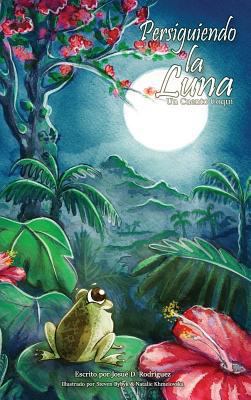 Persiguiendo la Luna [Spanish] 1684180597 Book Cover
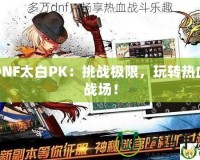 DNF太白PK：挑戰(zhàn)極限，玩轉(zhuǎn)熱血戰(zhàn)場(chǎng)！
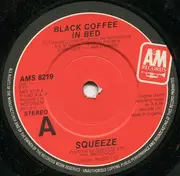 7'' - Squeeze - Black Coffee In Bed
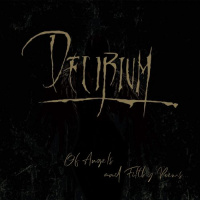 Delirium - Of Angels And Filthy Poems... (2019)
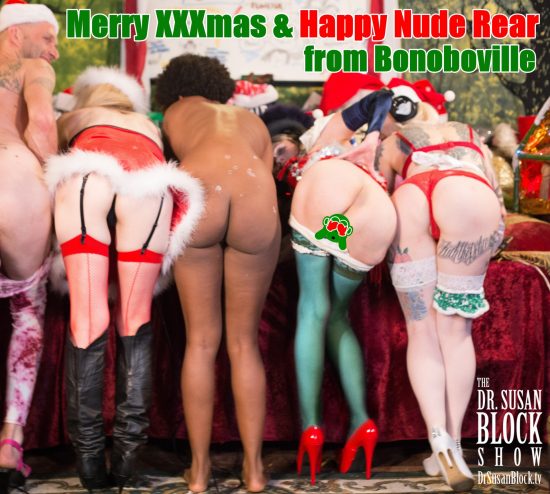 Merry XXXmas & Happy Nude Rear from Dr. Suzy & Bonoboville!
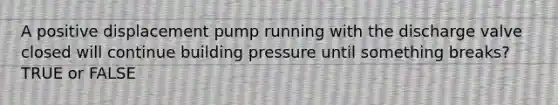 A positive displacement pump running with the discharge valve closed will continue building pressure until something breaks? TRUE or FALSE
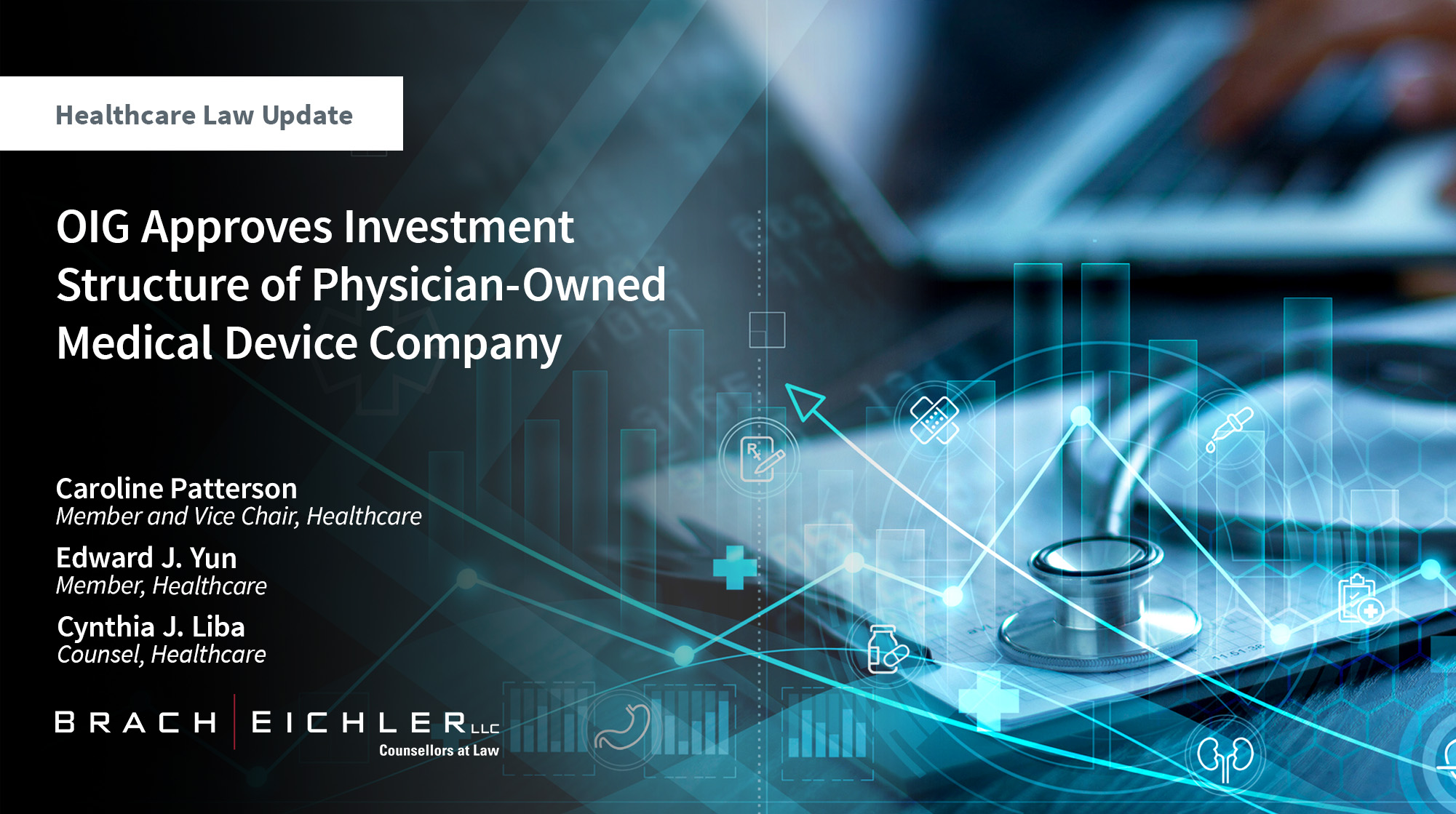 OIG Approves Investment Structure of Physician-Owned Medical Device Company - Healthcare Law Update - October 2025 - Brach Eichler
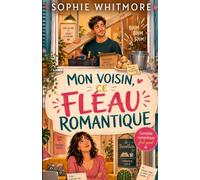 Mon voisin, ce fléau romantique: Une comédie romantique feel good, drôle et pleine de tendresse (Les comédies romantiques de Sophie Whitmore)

###

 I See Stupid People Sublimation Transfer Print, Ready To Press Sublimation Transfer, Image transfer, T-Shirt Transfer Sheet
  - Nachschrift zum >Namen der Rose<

###

Requirement | Only the lines between the one with "Delirium - Of" and the one with "Mon voisin, ce", those two included, get copied from the material above. Keep it exact and free of pictures.

Completed exercise |
 Delirium - Of Angels And Filthy Poems... (2019)
 Merry XXXmas & Happy Nude Rear from Dr. Suzy & Bonoboville!
 A positive displacement pump running with the discharge valve closed will continue building pressure until something breaks? TRUE or FALSE
 OIG Approves Investment Structure of Physician-Owned Medical Device Company - Healthcare Law Update - October 2025 - Brach Eichler
 Mon voisin, ce fléau romantique: Une comédie romantique feel good, drôle et pleine de tendresse (Les comédies romantiques de Sophie Whitmore)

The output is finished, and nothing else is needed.